Changes implemented during the 30-day shutdown, such as rejiggered streets built for buses, bikes, and pedestrians rather than personal vehicles, and free commuter rail service, are ideas that Boston would like to explore in the longterm, said Wu.
Even prior to that, she said the city has been making moves to get cars off the streets, which has included limiting the amount of parking spaces in new developments, building speed humps and raised sidewalks to slow traffic, and the just-announced plan to add 9.4 miles of protected bike lanes over the next three years.
Some of these choices haven’t been popular, Wu said, but she likened this moment of moving toward people-focused streets to the opposition seen when the “radical” idea for an underground subway system was first introduced in Boston in the late 1800s.

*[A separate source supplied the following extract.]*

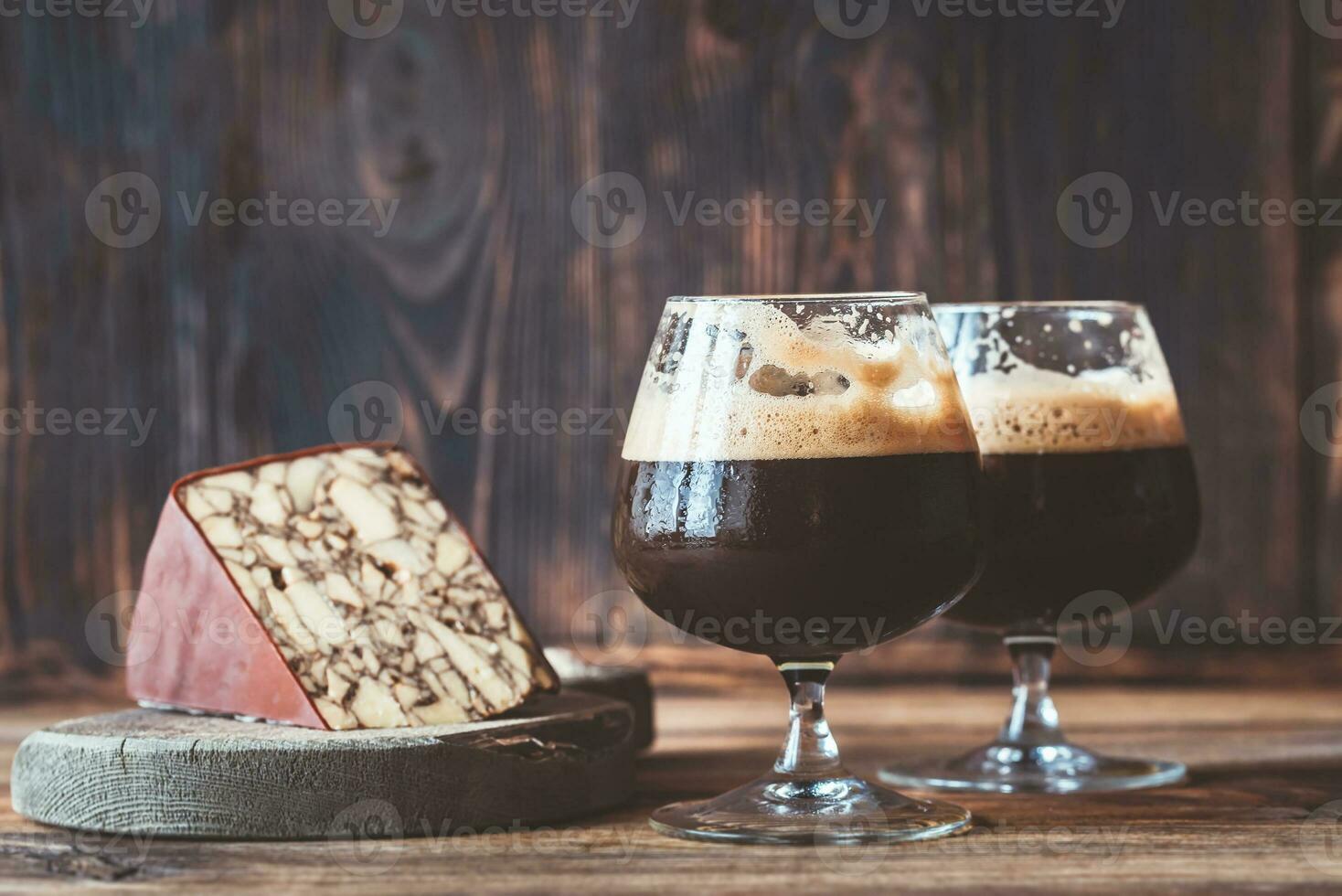 twee glazen donker bier met Ierse porter cheddar foto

“The MBTA is far from perfect, but it’s hard to imagine that Boston would be better off without a subway in any part of the city at all,” Wu said. “My point is, change can be inherently disruptive. It’s hard and often controversial.
“But to make real progress, you can’t be afraid to tear up the street — especially, if after all that tearing, we ended up with something stronger, safer, in fact, that connects us all even more.”

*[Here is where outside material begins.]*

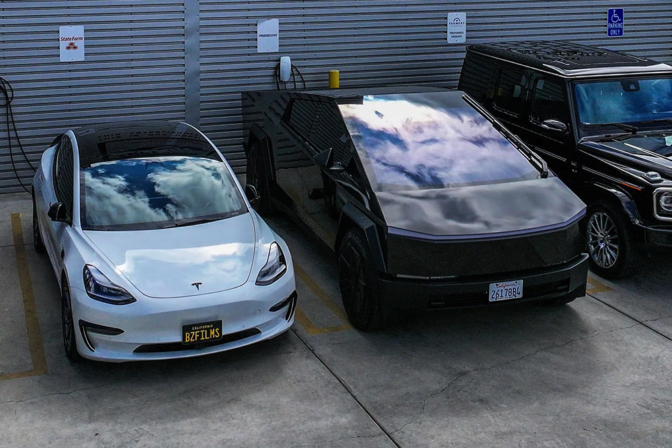 Watch Top Finish Collision Restore a Tesla Model X to Its Original Glory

Jannette Sadik-Khan, former commissioner of the NYC Department of Transportation and NACTO chair, added, “Let the driverless revolution plant itself around our people-first cities, with room to walk and bike and ride transit, instead of planning our cities around cars.”
Also speaking Wednesday were Boston Chief of Streets Jascha Franklin-Hodge and Cambridge and Somerville Mayors Sumbul Siddiqui and Katjana Ballantyne.